Vertiv reported a 30% jump in first-quarter net sales, reaching $2.65 billion, with 23% organic growth—stripping out impacts from acquisitions and currency. The company boosted its full-year 2026 sales outlook to a range of $13.5 billion to $14.0 billion, and now targets adjusted diluted earnings—excluding certain items—between $6.30 and $6.40 per share.

CEO Giordano Albertazzi noted that as data-center builds get denser and more complicated, customers are prioritizing “optimized design, deployment speed, and operational efficiency.” Over on the financial side, Executive Chairman Dave Cote pointed to Vertiv’s inclusion in the S&P 500 back in March, crediting the move to improved financials and a stronger standing in the market. Vertiv Investors

Vertiv shares slipped following the earnings release, despite numbers topping expectations. That suggests plenty of optimism was baked in beforehand. According to , Citi Research highlighted that the stock faced a high hurdle with investors and flagged worries about cooling organic growth in the Americas—even with analysts calling the higher guidance reasonable.

Several firms wasted no time responding to the news. TD Cowen upped its price target to $347, previously $269, sticking with its Buy call. The firm pointed to management’s Americas pipeline commentary, noting it matched up with strong U.S. data-center leasing indicated by recent checks. Oppenheimer bumped its target to $330 from $320, suggesting there’s still room for guidance to move higher as the year progresses.

Vertiv’s outlook for the second quarter landed in a gray zone. The company projected net sales between $3.25 billion and $3.45 billion, with adjusted diluted EPS coming in at $1.37 to $1.43. While the full-year guidance looked more robust, that conservative quarterly range offered some answers for why shares didn’t just surge after earnings hit.
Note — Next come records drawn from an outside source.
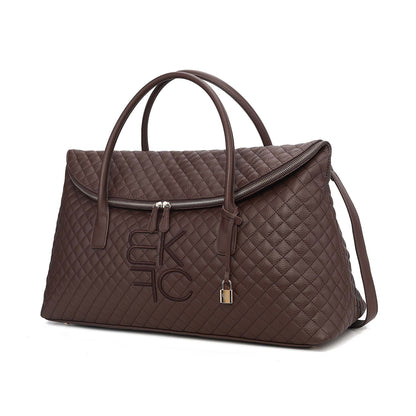 MKF Collection Eulalie Weekender Duffle Bag by Mia K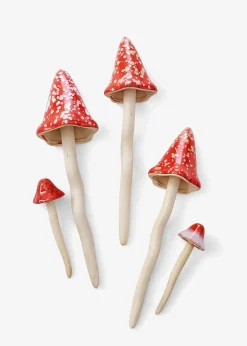 bonprix Amanites tue-mouches à piquer (ens. 5 pces)| Jardin & Balcon·Déco De Jardin & Éclairage|Déco De Jardin & Éclairage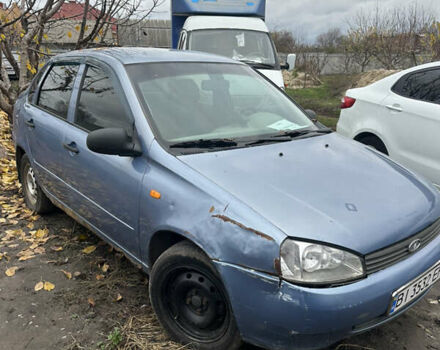 Синий ВАЗ Калина, объемом двигателя 1.6 л и пробегом 240 тыс. км за 1200 $, фото 1 на Automoto.ua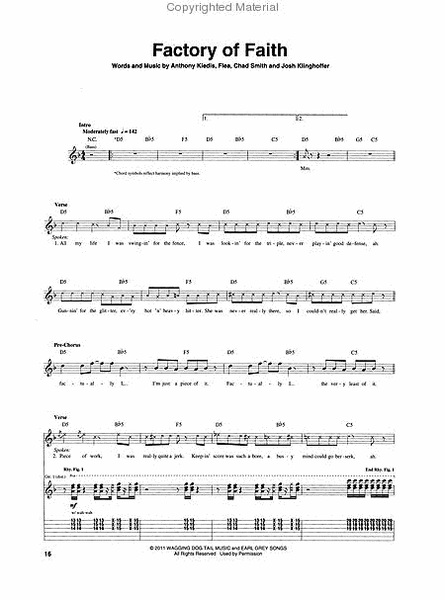 Red Hot Chili Peppers - I'm with You by The Red Hot Chili Peppers Electric Guitar - Sheet Music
Vertiv’s latest 10-Q offered up the same broad narrative, only with added specifics: net sales climbed to $2.65 billion, up from $2.04 billion, and operating profit increased to $440.1 million compared to $290.7 million. The report also flagged a notable jump in deferred revenue—$2.46 billion as of March 31, from $1.81 billion at year-end—a backlog that points to booked work waiting to hit the top line.

Still, the deal comes with its share of headaches. Vertiv flagged risks from tariffs, tit-for-tat trade actions, and geopolitical shifts, all of which could disrupt supply chains or push up input, fuel, and shipping costs. Customer demand, currency swings, and capital markets aren’t immune, either. The company is also planning to pour between $425 million and $525 million into capital expenditures in 2026 as it ramps up capacity—a hefty outlay just to keep up.

The competitive landscape is intensifying. Eaton is moving deeper into data-center thermal gear, highlighted by its planned $9.5 billion takeover of Boyd Thermal. Schneider Electric, too, has flagged data-center demand as a key growth driver. Both companies operate alongside Vertiv in the power and cooling chain—though their product lineups aren’t identical.

Right now, execution is what investors are rewarding. Vertiv shares have soared nearly 100% year-to-date, according to MarketScreener figures, after a flurry of price target hikes hit on April 23 and April 24 from the likes of JPMorgan, Morgan Stanley, TD Cowen, Citi, RBC and others. But with the stock at these levels, there’s little cushion if AI data-center spending falters, projects get delayed, or if margins don’t keep pace with rising sales.